Here are Facts You Probably Didn’t Know About Eclipses


Some eclipse facts could blow your mind! Did you know that the core of a total solar eclipse is completely dark? Of course, you knew that solar eclipses take place when the Moon gets in between us and the sun. You also probably learned how long they last and when they happen. But did you know what would happen if no clouds or trees were obstructing you from viewing a total solar eclipse? To find out more about this fantastic event, keep reading on for some fascinating.

What is an Eclipse?

An eclipse is a celestial event that takes place when one celestial object is hidden by another. It can be the Moon, earth, or sun. Eclipses can be scary to some people as they do not know what is happening. Eclipses make the sky dark, sometimes so dark that it will seem as if the sun has completely disappeared. During a total solar eclipse, the only light that you can see is coming from the Moon. If there are no clouds to dim the view, a total solar eclipse can last for 1 hour and 40 minutes.

Solar Eclipse Facts:

  1. On average, there are four total solar eclipses each year. They are called solar eclipses because they occur when the Moon blocks out the sun, and a solar eclipse can last up to 4 minutes and 30 seconds.
  2. A total solar eclipse can only happen in the middle of a moon’s cycle, called a “dark moon.” A dark moon is when there is no new moon during the month of March.
  3. The sun has to be very close to the Moon for a total solar eclipse, and the Moon can block the sun for up to 1/3 of its diameter.
  4. Because solar eclipses happen when the Moon is far from the earth, the sky will look the same during an eclipse as it does on the day after a total solar eclipse.
  5. Solar eclipses happen when the Moon’s shadow blocks the sun’s light.

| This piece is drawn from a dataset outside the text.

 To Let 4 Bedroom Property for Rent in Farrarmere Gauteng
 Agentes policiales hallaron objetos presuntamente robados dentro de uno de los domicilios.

This happens because of one of the largest natural forces on earth: gravity.
  6. The Moon makes a shadow because the sun is so far from earth, about 385,000 kilometers away! The Moon’s gravity is not enough to keep the earth in orbit around the sun when you are that far away. The earth also rotates once a day. At this point, you can see the earth’s shadow on the Moon as it turns during the eclipse.
  7. The sun’s light casts a shadow on the Moon. The earth is not large enough to cast a shadow on the Moon, and it is only the force of gravity from the Moon is doing this.
  8. The Moon has a thick layer of rocks and minerals on its surface. It is not a perfect sphere. The Moon has a large iron core and has cooled over millions of years. Small rock balls, or pebbles, are broken up and arranged in layers on their surface. These are not very big. They are only about 1 inch in diameter. There are some big ones, too, which we call the “moon rocks.” The Moon is made of two parts. One part is the upper crust and that’s about 5 to 10 miles thick. The other part is the iron core. The Moon’s iron core is 4,000 miles long.
  9. The ocean on the Moon has a lower pressure than that of the atmosphere on earth, and it’s about one-twentieth of what we experience on earth. It is also very dry, with only 2% of the water vapor that our atmosphere has. The high mountains of the Moon are mostly smooth and rocky. That’s because they cooled off too quickly, so that there is no liquid water. The Moon doesn’t have any weather like we do on earth. It has some tiny meteors, just like those that hit the Moon itself.
  10. There is no life on the Moon. Many people have tried to cultivate it with mirrors and plastic, but to no avail. The Moon doesn’t have the right temperature, oxygen, water, or biological life.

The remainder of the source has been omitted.